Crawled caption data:
#####
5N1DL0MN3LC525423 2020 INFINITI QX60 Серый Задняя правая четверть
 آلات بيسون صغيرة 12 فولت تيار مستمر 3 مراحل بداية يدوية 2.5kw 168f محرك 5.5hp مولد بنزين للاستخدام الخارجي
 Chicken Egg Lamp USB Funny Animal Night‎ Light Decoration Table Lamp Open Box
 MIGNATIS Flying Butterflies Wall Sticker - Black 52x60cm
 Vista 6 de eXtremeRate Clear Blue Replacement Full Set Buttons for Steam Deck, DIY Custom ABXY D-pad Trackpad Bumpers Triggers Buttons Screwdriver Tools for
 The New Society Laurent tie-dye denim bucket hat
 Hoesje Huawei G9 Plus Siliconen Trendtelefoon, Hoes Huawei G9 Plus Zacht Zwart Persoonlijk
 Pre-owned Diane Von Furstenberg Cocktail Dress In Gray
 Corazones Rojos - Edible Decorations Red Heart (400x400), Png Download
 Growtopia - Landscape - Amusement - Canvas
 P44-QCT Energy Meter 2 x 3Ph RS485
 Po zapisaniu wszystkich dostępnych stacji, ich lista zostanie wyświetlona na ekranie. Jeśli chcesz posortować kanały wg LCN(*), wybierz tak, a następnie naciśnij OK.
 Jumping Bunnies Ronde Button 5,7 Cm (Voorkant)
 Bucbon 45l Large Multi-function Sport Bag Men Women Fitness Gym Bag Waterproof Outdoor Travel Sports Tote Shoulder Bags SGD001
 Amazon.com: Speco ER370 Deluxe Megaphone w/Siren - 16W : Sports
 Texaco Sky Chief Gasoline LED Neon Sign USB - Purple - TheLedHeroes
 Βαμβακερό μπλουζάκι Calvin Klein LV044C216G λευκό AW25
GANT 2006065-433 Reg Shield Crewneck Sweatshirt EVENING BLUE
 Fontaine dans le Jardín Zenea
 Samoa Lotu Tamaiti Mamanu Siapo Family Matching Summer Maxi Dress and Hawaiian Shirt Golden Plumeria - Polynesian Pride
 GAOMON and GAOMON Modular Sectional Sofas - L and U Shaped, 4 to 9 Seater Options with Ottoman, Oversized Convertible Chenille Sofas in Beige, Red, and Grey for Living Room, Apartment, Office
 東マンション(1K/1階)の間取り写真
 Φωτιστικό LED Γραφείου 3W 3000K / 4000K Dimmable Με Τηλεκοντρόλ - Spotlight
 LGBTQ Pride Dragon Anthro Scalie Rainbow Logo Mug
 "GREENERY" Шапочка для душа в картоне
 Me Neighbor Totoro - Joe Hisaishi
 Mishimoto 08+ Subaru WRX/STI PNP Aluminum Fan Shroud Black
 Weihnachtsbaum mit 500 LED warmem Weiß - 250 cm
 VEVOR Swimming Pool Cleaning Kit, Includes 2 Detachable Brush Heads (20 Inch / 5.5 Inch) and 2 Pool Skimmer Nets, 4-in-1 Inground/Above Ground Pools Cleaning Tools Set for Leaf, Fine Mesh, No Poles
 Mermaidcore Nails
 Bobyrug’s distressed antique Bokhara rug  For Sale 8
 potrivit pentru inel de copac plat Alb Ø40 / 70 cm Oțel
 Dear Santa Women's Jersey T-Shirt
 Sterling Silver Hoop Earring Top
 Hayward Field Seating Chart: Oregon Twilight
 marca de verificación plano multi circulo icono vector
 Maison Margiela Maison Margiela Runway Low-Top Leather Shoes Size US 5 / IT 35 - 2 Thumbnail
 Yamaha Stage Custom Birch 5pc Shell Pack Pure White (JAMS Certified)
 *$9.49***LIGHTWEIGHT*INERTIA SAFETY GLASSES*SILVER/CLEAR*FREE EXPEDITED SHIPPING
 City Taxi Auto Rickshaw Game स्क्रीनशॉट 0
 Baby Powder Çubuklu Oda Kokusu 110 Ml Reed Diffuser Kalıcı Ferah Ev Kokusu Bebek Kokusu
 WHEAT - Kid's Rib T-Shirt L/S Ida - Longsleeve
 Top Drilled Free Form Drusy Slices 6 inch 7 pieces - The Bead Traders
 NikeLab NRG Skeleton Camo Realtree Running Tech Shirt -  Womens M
#####
- [WHAT YOU SHOULD DO] Repeat all of the data exactly.

- [REPLY TO THE EXERCISE]
5N1DL0MN3LC525423 2020 INFINITI QX60 Серый Задняя правая четверть
 آلات بيسون صغيرة 12 فولت تيار مستمر 3 مراحل بداية يدوية 2.5kw 168f محرك 5.5hp مولد بنزين للاستخدام الخارجي
 Chicken Egg Lamp USB Funny Animal Night‎ Light Decoration Table Lamp Open Box
 MIGNATIS Flying Butterflies Wall Sticker - Black 52x60cm
 Vista 6 de eXtremeRate Clear Blue Replacement Full Set Buttons for Steam Deck, DIY Custom ABXY D-pad Trackpad Bumpers Triggers Buttons Screwdriver Tools for
 The New Society Laurent tie-dye denim bucket hat
 Hoesje Huawei G9 Plus Siliconen Trendtelefoon, Hoes Huawei G9 Plus Zacht Zwart Persoonlijk
 Pre-owned Diane Von Furstenberg Cocktail Dress In Gray
 Corazones Rojos - Edible Decorations Red Heart (400x400), Png Download
 Growtopia - Landscape - Amusement - Canvas
 P44-QCT Energy Meter 2 x 3Ph RS485
 Po zapisaniu wszystkich dostępnych stacji, ich lista zostanie wyświetlona na ekranie. Jeśli chcesz posortować kanały wg LCN(*), wybierz tak, a następnie naciśnij OK.
 Jumping Bunnies Ronde Button 5,7 Cm (Voorkant)
 Bucbon 45l Large Multi-function Sport Bag Men Women Fitness Gym Bag Waterproof Outdoor Travel Sports Tote Shoulder Bags SGD001
 Amazon.com: Speco ER370 Deluxe Megaphone w/Siren - 16W : Sports
 Texaco Sky Chief Gasoline LED Neon Sign USB - Purple - TheLedHeroes
 Βαμβακερό μπλουζάκι Calvin Klein LV044C216G λευκό AW25
GANT 2006065-433 Reg Shield Crewneck Sweatshirt EVENING BLUE
 Fontaine dans le Jardín Zenea
 Samoa Lotu Tamaiti Mamanu Siapo Family Matching Summer Maxi Dress and Hawaiian Shirt Golden Plumeria - Polynesian Pride
 GAOMON and GAOMON Modular Sectional Sofas - L and U Shaped, 4 to 9 Seater Options with Ottoman, Oversized Convertible Chenille Sofas in Beige, Red, and Grey for Living Room, Apartment, Office
 東マンション(1K/1階)の間取り写真
 Φωτιστικό LED Γραφείου 3W 3000K / 4000K Dimmable Με Τηλεκοντρόλ - Spotlight
 LGBTQ Pride Dragon Anthro Scalie Rainbow Logo Mug
 "GREENERY" Шапочка для душа в картоне
 Me Neighbor Totoro - Joe Hisaishi
 Mishimoto 08+ Subaru WRX/STI PNP Aluminum Fan Shroud Black
 Weihnachtsbaum mit 500 LED warmem Weiß - 250 cm
 VEVOR Swimming Pool Cleaning Kit, Includes 2 Detachable Brush Heads (20 Inch / 5.5 Inch) and 2 Pool Skimmer Nets, 4-in-1 Inground/Above Ground Pools Cleaning Tools Set for Leaf, Fine Mesh, No Poles
 Mermaidcore Nails
 Bobyrug’s distressed antique Bokhara rug  For Sale 8
 potrivit pentru inel de copac plat Alb Ø40 / 70 cm Oțel
 Dear Santa Women's Jersey T-Shirt
 Sterling Silver Hoop Earring Top
 Hayward Field Seating Chart: Oregon Twilight
 marca de verificación plano multi circulo icono vector
 Maison Margiela Maison Margiela Runway Low-Top Leather Shoes Size US 5 / IT 35 - 2 Thumbnail
 Yamaha Stage Custom Birch 5pc Shell Pack Pure White (JAMS Certified)
 *$9.49***LIGHTWEIGHT*INERTIA SAFETY GLASSES*SILVER/CLEAR*FREE EXPEDITED SHIPPING
 City Taxi Auto Rickshaw Game स्क्रीनशॉट 0
 Baby Powder Çubuklu Oda Kokusu 110 Ml Reed Diffuser Kalıcı Ferah Ev Kokusu Bebek Kokusu
 WHEAT - Kid's Rib T-Shirt L/S Ida - Longsleeve
 Top Drilled Free Form Drusy Slices 6 inch 7 pieces - The Bead Traders
 NikeLab NRG Skeleton Camo Realtree Running Tech Shirt -  Womens M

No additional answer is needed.